Annually, the CCO, or a designee, will provide each Employee of the Company with a copy of the Code of Ethics, as well as any amendments as they become available. Employees are to provide a written acknowledgement of their receipt of the Code of Ethics and any amendments, within 30 days of receipt.
Pursuant to Rule 17j-1(c)(2)(ii) under the Investment Company Act, with respect to any Client that is an investment company registered under the Investment Company Act, the Company will, no less frequently than annually, furnish to each such investment company’s board of directors/trustees a written report that (i) describes any issues arising under this of Code of Business Conduct and Ethics since the last report to the board, including but not limited to information about material violations of the Code of Business Conduct and Ethics and sanctions imposed in response to the material violations; and (ii) certifies that the Company has adopted procedures reasonably necessary to prevent its Supervised Persons from violating this Code of Business Conduct and Ethics.

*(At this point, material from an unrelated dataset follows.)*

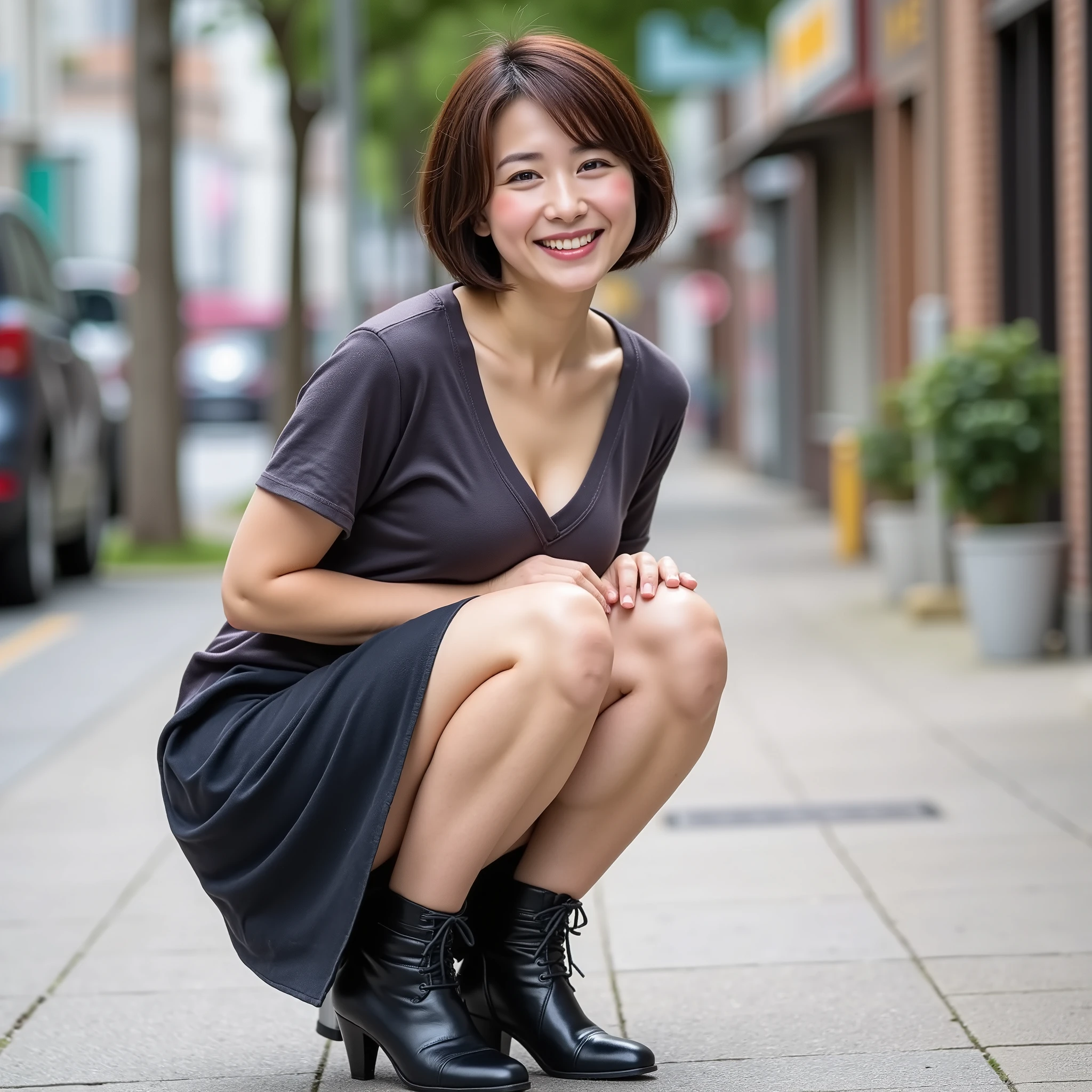 Top quality, 1 beautiful woman, super short Hair, shy-smile, Crouching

16ACKNOWLEDGEMENT OF RECEIPT & COMPLIANCE WITH THE CODE
I hereby certify that I have received, read, and understand the Code of Business Conduct and Ethics of STF Management, LP (the “Company”). I understand that a violation of any provision of the Code of Business Conduct and Ethics is grounds for disciplinary action, up to and including termination of my position with the Company. I also understand that if I discover a violation of any provision of the Code of Business Conduct and Ethics, it is my duty to notify the appropriate authorized persons of the Company.
I hereby agree to comply with the policies and guidelines set forth in the Company’s Code of Business Conduct and Ethics.